Thank you for all your replies... I didn’t go to much into details as it’s wrong and there’s absolutely no defending him. I feel sicked by it all, and now have a husband who feels incredibly ashamed and let down. We just wanted to know how this was going to effect the 3 of us.

It was/is his step daughter and she was about 12.

Justbookedasummmerholiday Mon 13-Nov-17 14:00:21

Isn't nc the only option?.

PotteringAlong Mon 13-Nov-17 16:48:53

It will affect you in that you, for the sake of your daughter, can never have any contact with him again.

Allthebestnamesareused Mon 13-Nov-17 17:06:46

"nothing else happened" hmm - what he did was bad enough!

CV123x Mon 13-Nov-17 19:21:48

For me my opinion on his parents have completely changed, and from having a long chat with my husband today, me and his daughter is what matters, and he said he’s just not sure who his parents are anymore, makes me so sad that they have let him down like this, his wife knew not at the time of it happening but when she called into the school at the time, social services were involved all that time ago (30+ years ago) but for some reason nothing came of police involvement - which baffles me!! I have to question a women who stays with someone who they have brought into the home married and had a son with that then touches their daughter!!! (my husband was around one at the time)

CV123x Mon 13-Nov-17 19:29:40

I just hope for us it doesn’t mean involvement from Social services, and my daughter being on some sort of “risk list” because quite frankly that will piss me off - not at the services but at his parents who have got us in this situation. I don’t need to have SS around to advice me to being a good mother and that perverts are bad news!!

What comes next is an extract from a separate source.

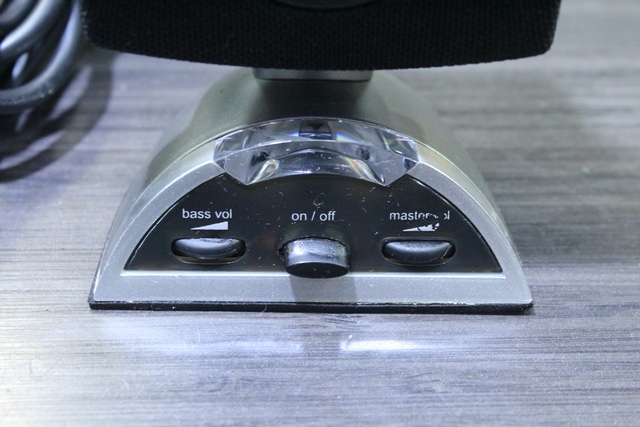 Kit Cyber Acoustic 2.1 pour PC - Image 2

MrsBertBibby Mon 13-Nov-17 19:53:31

Any involvement is likely to be very light touch and supportive, unless you were to be protesting his innocence, minimising his guilt, and insisting he would never touch your child. If that were the case, they would get a lot more concerned, naturally enough.

If your attitude is of disgust, and your plans to sever ties, then you have little to worry about.

This isn't your husband's shame, though. Remind him of that. It's a corrosive way to feel.